Given records:

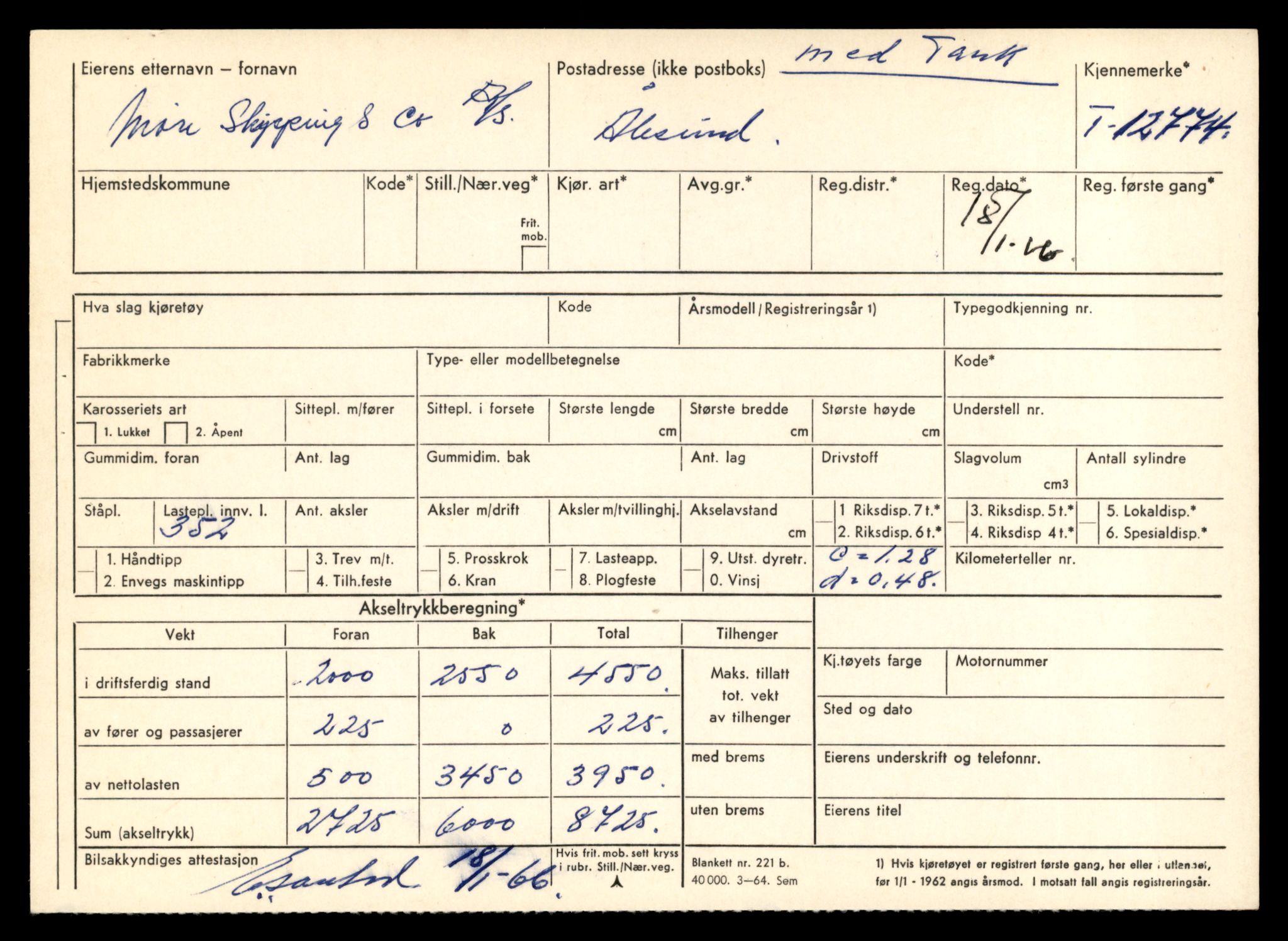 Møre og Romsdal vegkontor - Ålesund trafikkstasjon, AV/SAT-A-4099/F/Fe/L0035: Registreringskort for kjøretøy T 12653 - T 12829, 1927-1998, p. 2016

...

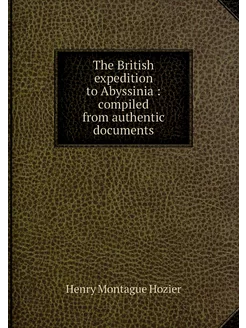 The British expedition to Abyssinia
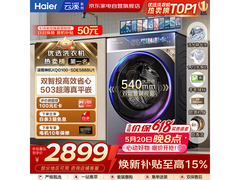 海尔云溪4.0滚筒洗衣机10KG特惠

Task: Write out the lines above from the one with "The British expedition to Abyssinia" through the one with "海尔云溪4.0滚筒洗衣机10KG特惠", ends included, exactly; no picture goes in.

Solution to the problem:
 The British expedition to Abyssinia
 海尔云溪4.0滚筒洗衣机10KG特惠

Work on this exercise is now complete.